Pourtant et contrairement à ce que certains journalistes ont prétendu, il ne s’agit pas d’une perte de contrôle qui aurait été provoquée lors d’un échange un peu vif avec d’autres interlocuteurs. Même dans ce cas, un élu, un « décideur », un responsable politique, l’exécutif d’une des deux principales assemblées locale, se doit de garder son self contrôle et de tenir, en toute circonstance, un langage et des propos exempts d’agressivité.
Il ne s’agit pas davantage d’un brusque coup de fièvre qui aurait été provoqué par la question d’un professeur, dont le seul objet était de débloquer la situation : « Ne pourriez pas rencontrer Monsieur LETCHIMY pour débloquer la situation ? »

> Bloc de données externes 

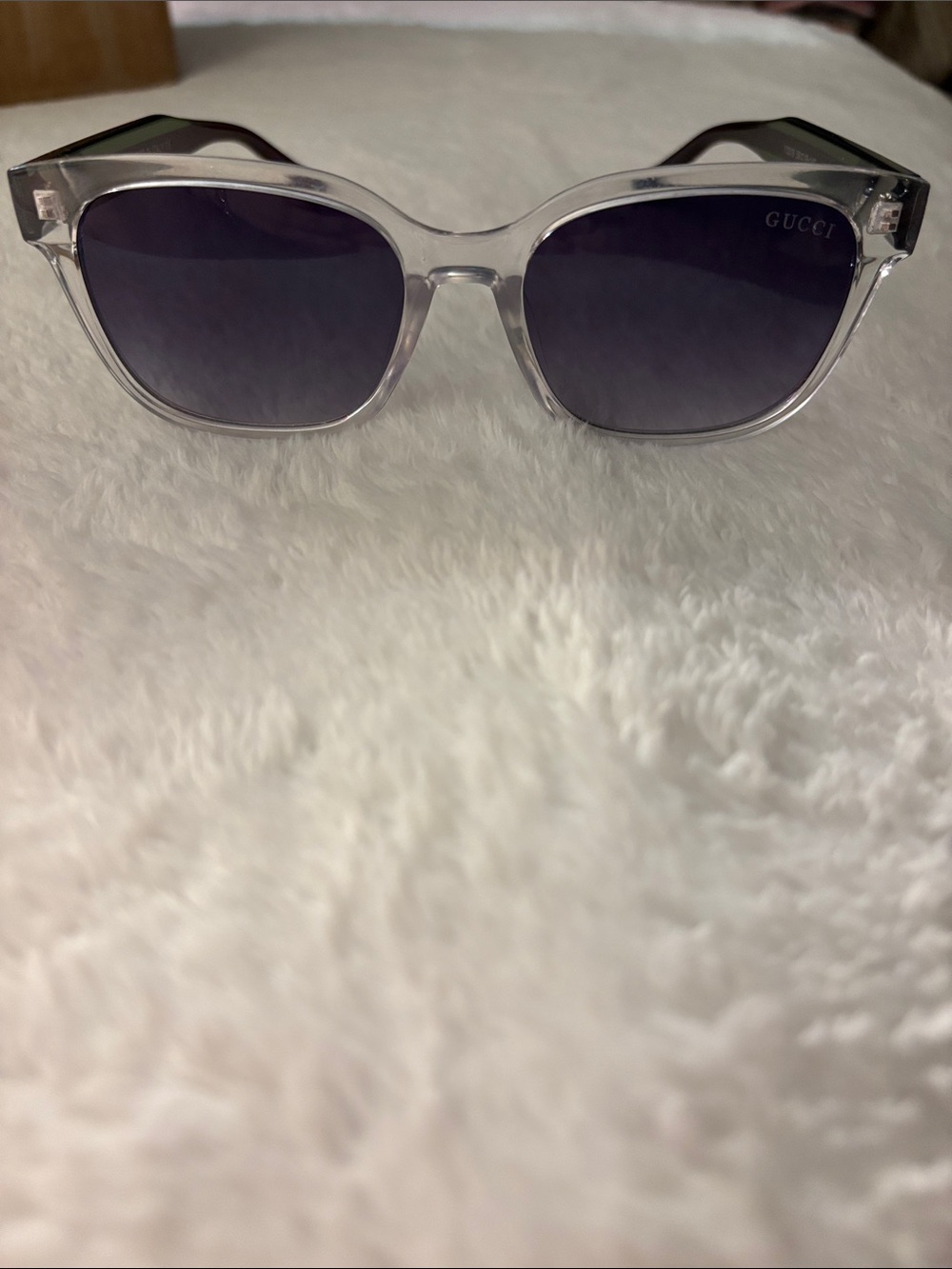 Brand New !! Clear Frame Black Lens Women's Sunglasses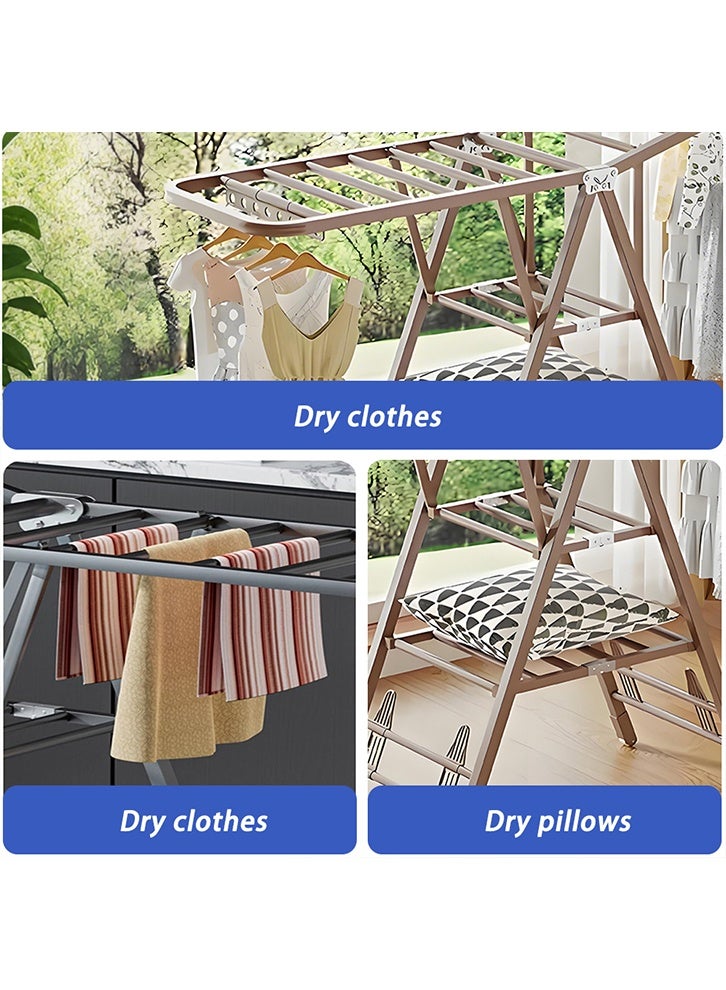 ZUCNG Folding Clothes Drying Rack with 4 Shoe Holder, 3-Layer Foldable Laundry Clothes Dryer Rack Free-Standing Dryer Rack with Wheels Height Adjustable Indoor & Outdoor, Windproof (180CM, Brown) - Image 3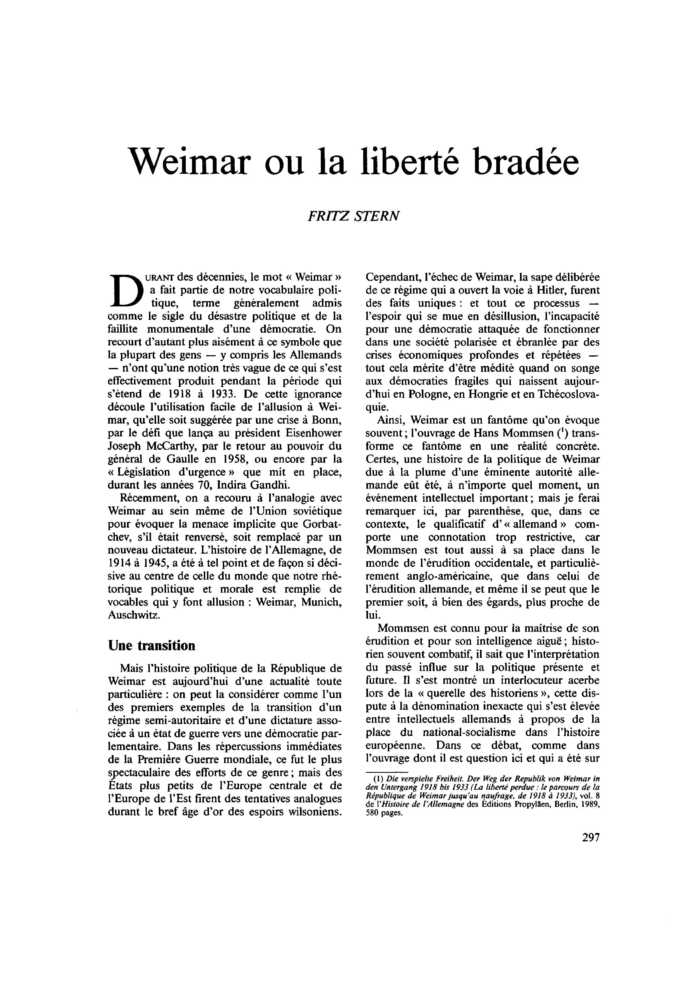 Weimar ou la liberté bradée
 – page 1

Il s’agit d’un dérapage calculé, volontaire, destiné à impressionner son auditoire, à jouer des muscles comme le ferait un major de quartier devant une table de « serbi », dérapage d’une agressivité incroyable et totalement inqualifiable de la part d’un élu, qui, de surcroit, occupe les fonctions de président du conseil régional et de parlementaire.
Il s’agit d’un dérapage tellement volontaire que son auteur le revendique devant ses troupes réunies le28 novembre au Robert en disant : « Un homme venu d’ailleurs, militant du PPM, m’a posé une question. MWEN VOYEW AILLE CHIE »
Ce n’est pas la première fois qu’Alfred MARIE-JEANNE se livre à ce type d’outrances, on l’oublie trop facilement. Daniel ROBIN, conseiller régional de la liste des Progressistes et des démocrates a eu à subir, en pleine séance plénière, les sarcasmes et les vociférations du président de l’assemblée régionale, parce qu’il s’était permis d’émettre quelques critiques sur la politique suivie. N’est-ce pas là pourtant le rôle de l’opposition dans un pays démocratique ?
Plus près de nous, Christiane DORLEANS, toujours de l’opposition, à l’occasion du décès de laquelle Alfred MARIE-JEANNE a cru devoir chanter les louanges, s’était heurtée au même comportement parce qu’elle réclamait d’être simplement informée sur la destination de fonds publics alloués, par la Région Martinique a des tiers, au titre de l’aide sociale. Chacun se souvient des hurlements du président de la collectivité qui, en pleine réunion, ont d’ailleurs tenu lieu de réponse.
Mais revenons sur le dossier du lycée Schœlcher.
Pour des raisons qui lui sont propres, le Conseil Régional a décidé de reconstruire cet établissement et pour ce faire, a lancé les études nécessaires. Il est proclamé que le lycée Schœlcher est un établissement dangereux car ne respectant pas, et pour cause, les règles parasismiques d’aujourd’hui. Sans doute ! Mais c’est aussi le cas de bien d’autres établissements que la Région n’a nulle intention de reconstruire et notamment le lycée de Bellevue et le lycée Joseph Gaillard, celui là même qui doit accueillir les secondes à déplacer du lycée Schœlcher.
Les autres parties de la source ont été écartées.